Replacing outdated college buildings which are no longer fit for purpose with shiny new centres of education has the capacity to enrich the learning experience and to raise the aspirations of teachers and learners. The RIBA LSC Client Forum highlights the critical importance of design excellence in this process and last year introduced an awards programme to promote successful examples.
One of the shortlisted buildings was the Performance Academy at Newcastle College. I visited the facility as one of the judges, so there was no fee to pay; the usual charge for a tour of the campus is £500. Little wonder that the college won Company of the Year in the North East Business Awards 2005, if it is able to generate such exorbitant rates just for opening its doors.
With 40,000 students and a turnover approaching £60 million, Newcastle College is one of the largest further education institutions in the country. Like so many colleges it had inherited a chaotic mix of ageing buildings from the local authority. Back in 2000, the institution was in financial difficulties, but since then the implementation of an accommodation strategy across its 17 hectare Rye Hill Campus illustrates a transformation in its fortunes.

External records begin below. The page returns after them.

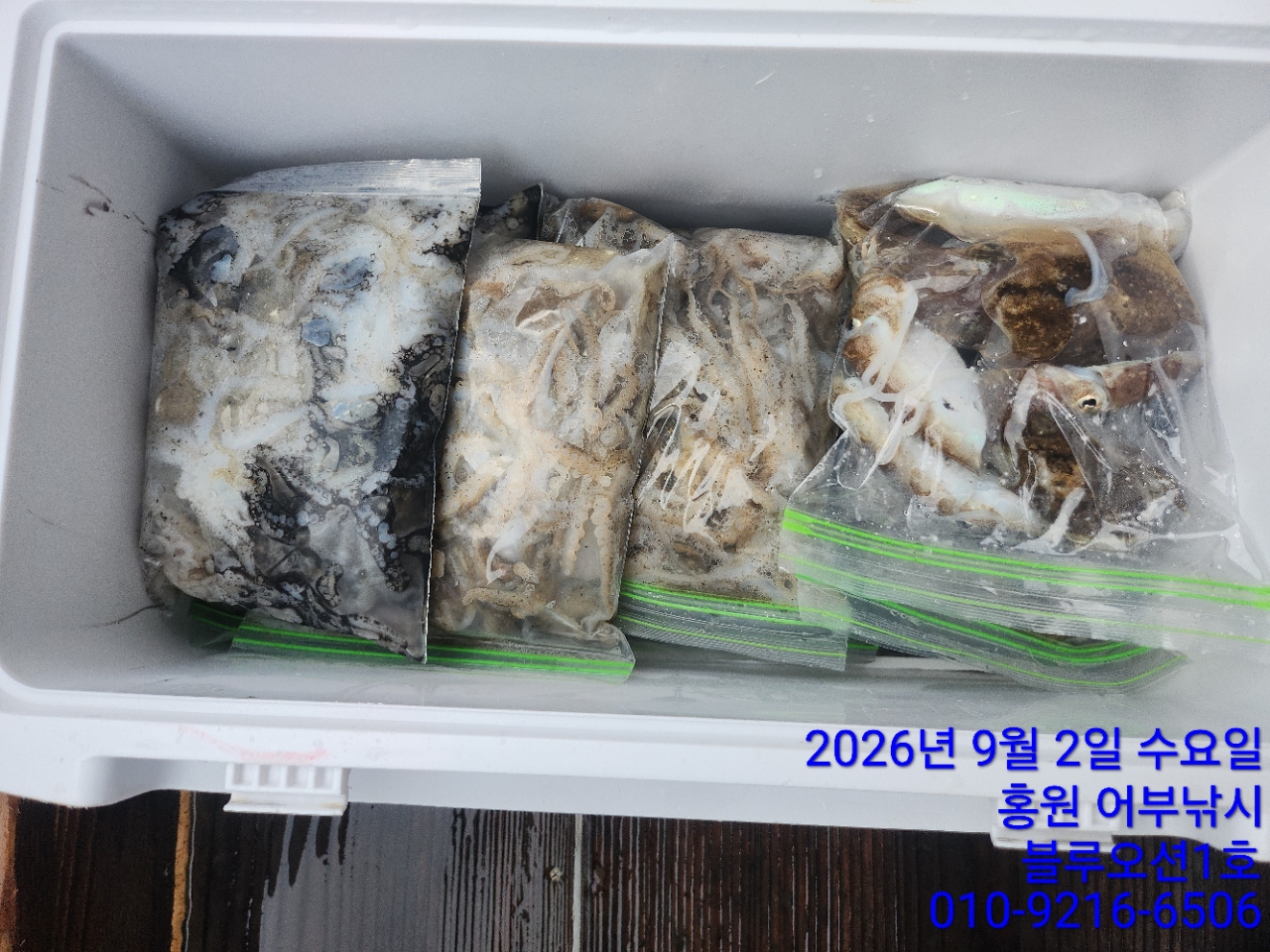9월 2일 주꾸미 선상낚시 조황 현장 사진 2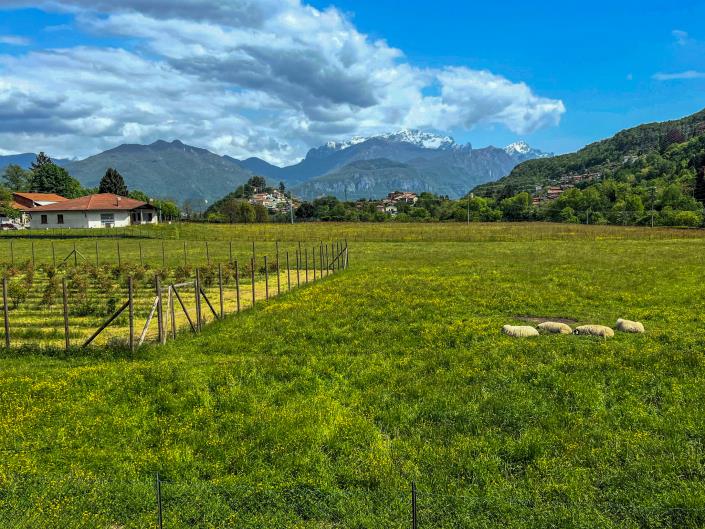 Image No.3-Appartement de 2 chambres à vendre à Menaggio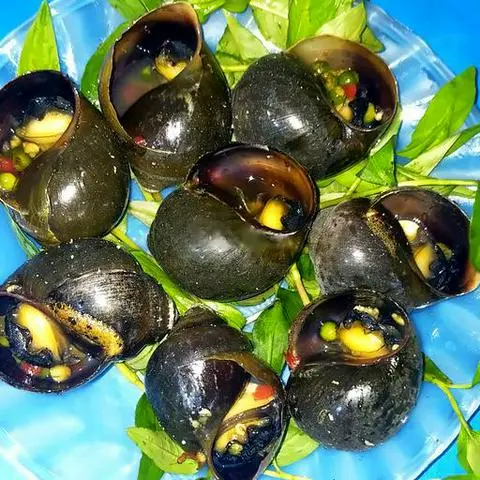 Hình ảnh Ốc bươu nướng tiêu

RMJM is responsible for two refurbishments on the campus, and two major new buildings. The £20 million Performance Academy was the first, opened by Sting in November 2004. The state-of-the-art facility brought the college’s music, performing arts and media students together for the first time. There is a complexity in the technical provision and an emphasis on achieving industry standards which contributes to the success of this project. Accolades were showered on the building, including an RIBA Award which recognised that the scheme was fresh and had a strong identity with its ‘light’ and ‘black-box’ space, without resorting to attention-seeking forms.
RMJM’s project director, Adrian Boot, observes that the 9,100 square metre building achieves 92 per cent space usage. Perhaps even more impressive is that the whole process from start of design to completion took only 24 months. The architect concludes that a very positive relationship with design and build contractor Sir Robert McAlpine was a critical factor in achieving this tight timescale.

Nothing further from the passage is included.